İklim Finansmanının TANIMI
İklim finansmanı, gelişmiş ekonomilerin karbon tarafsızlığını teşvik etmek için gelişmekte olan ekonomilerdeki sürdürülebilir kalkınma projelerine kısmen fon sağladığı veya yatırım yaptıkları bir finans kanalıdır.
İklim finansmanı, ABD gibi gelişmiş ekonomilerden varlıkların Hindistan gibi gelişmekte olan ekonomilerdeki karbon tarafsızlığını, sürdürülebilir kalkınmayı veya iklim değişikliğini azaltacak diğer uygulamaları teşvik eden projelere yapılandırılmış bir hareketidir. İklim finansmanı sivil toplum kuruluşları (STK'lar), bireysel hükümetler veya özel yatırımlar tarafından yönetilebilir ve bunlarla yönlendirilebilir.
İklim değişikliğine olası küresel tepkiler üzerindeki uluslararası tartışmalardan biri, temiz kalkınma projelerinin finansmanı konusu olmuştur. Hindistan ve Brezilya gibi gelişmekte olan ülkeler, iklimin ele alınmasının ekonomilerine orantısız bir şekilde yük olacağını savunuyorlar. Gelişmiş ekonomilerin çoğu, iklim değişikliği riskleri ortaya çıkmadan önce sanayileşti, ancak iklim değişikliğini hafifletme stratejisi altında, gelişmekte olan ekonomiler, uygulanabilir enerji şebekeleri ve kitle altyapısı oluşturmak için kanıtlanmamış ve pahalı çözümlere güvenmek zorunda kalacaklardı. İklim finansmanı, gelişmiş ülkelerden yönlendirilen kredi veya diğer sermaye biçimleri biçiminde bu yükü hafifletir.
AŞAĞI DAĞITMA İklim Finansmanı
Gelişmiş ekonomileri olan birçok ülke, gelişmekte olan ekonomiler üzerindeki iklim değişikliğini hafifletme stratejilerinin orantısız yükünü tanımakla birlikte, iklim finansmanı son derece tartışmalıdır. Birleşmiş Milletler İklim Değişikliği Çerçeve Sözleşmesi (UNFCCC) gibi uluslararası siyasi organlar, ülkeleri belirli mali taahhütlere bağlamaya çalıştığında, siyasi gridlock genellikle hem uluslararası hem de ulusal düzeyde ortaya çıkar. Örneğin ABD, Kongre tarafından onaylanmadıkça ülkeyi herhangi bir doğrudan eylemde bulunmaya zorlayan ve mevcut siyasi iklimde federal olarak yönlendirilen iklim finansmanını zorlaştıran bir antlaşma imzalayamaz.
Ne (ve Kim) Finanse Edilmelidir
Daha fazla tartışma, paranın nasıl harcanacağı konusundaki tartışmalarla gerçekleşir. "İklim finansmanı" adı altında hangi faaliyetlerin yapılacağı açık değildir. Örneğin, yenilenebilir enerjiye yapılan yatırımlar için açık bir şekilde uygulanabilir, ancak uzun vadede nüfus artışını (ve dolayısıyla karbon emisyonlarını) azaltabilen ancak acil etkileri (ve olası getirileri) çok daha az net olan çocuk eğitimi gibi yatırımlar için daha az geçerlidir..
Hangi ekonomilerin veya ulusların iklim finansmanı yoluyla fon sağlamayı hak ettikleri de açık değildir. Örneğin, Çin geniş ölçüde sanayileşmiştir ancak tutarlı gücü olmayan yüz milyonlarca vatandaşa sahiptir. Bu fonların ihtiyari kullanımı ile ilgili ilave tartışmalar ortaya çıkmaktadır.
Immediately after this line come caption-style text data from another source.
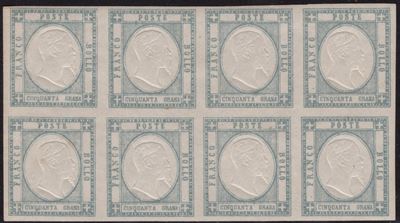 Italia, Province Napoletane, insieme di 50 francobolli da 50 gr. in blocchi (1861)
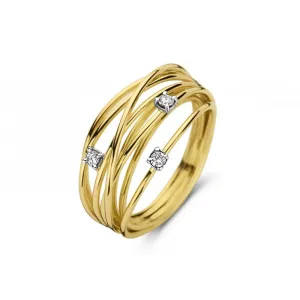 Bague multiples anneaux - Or Jaune et Blanc, Diamants (GR4773BB)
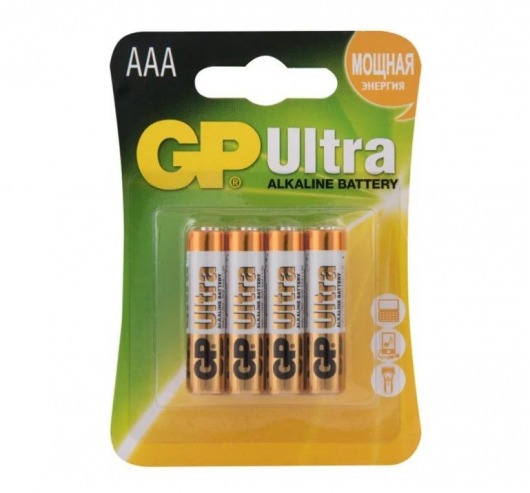 Батарейки алкалиновые GP Ultra Alkaline 24А AАA/LR03 - 4 шт. - Элементы питания - купить с доставкой в Казани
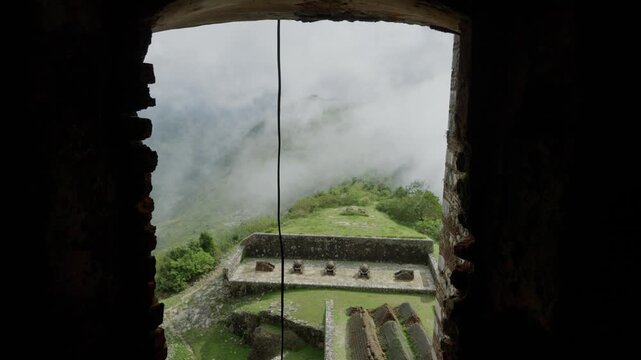 View from window of Citadelle Laferri&egrave;re, historic landmark shrouded in clouds, Cap-Ha&iuml;tien, Haiti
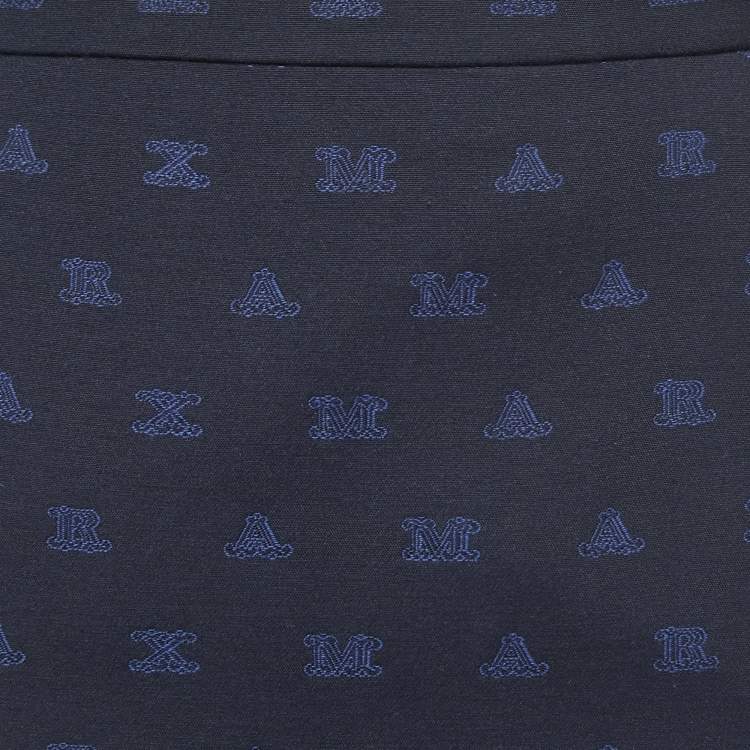 Pre Owned Max Mara Navy Blue Alphabets Patterned Cotton Blend Pencil Skirt XS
Bir STK veya bir yatırım bankası, bir ülkeye sürdürülebilir kalkınma için yatırımları yönlendirirse, paranın iyi harcanacağından emin olmak isteyeceklerdir, bu da bir dereceye kadar gözetime yol açabilir. Bu, yerel yönetimler (özellikle otokratik veya kleptokratik eğilimleri varsa) ve potansiyel yatırımcıları arasında gerginliğe yol açabilir.
2015 yılı sonunda ulaşılan Paris Anlaşması, iklim finansmanının akması için yeni siyasi kanallar açtı ve hem gelişmiş hem de gelişmekte olan daha fazla ülke iklim değişikliğini azaltma çabalarında ısrar ediyor. Konu hala sıcak tartışmalı olsa da, iklim finansmanı (ve tartışmaları) muhtemelen tüm uluslar için gelecekteki ekonomik politikanın dayanak noktası olacaktır.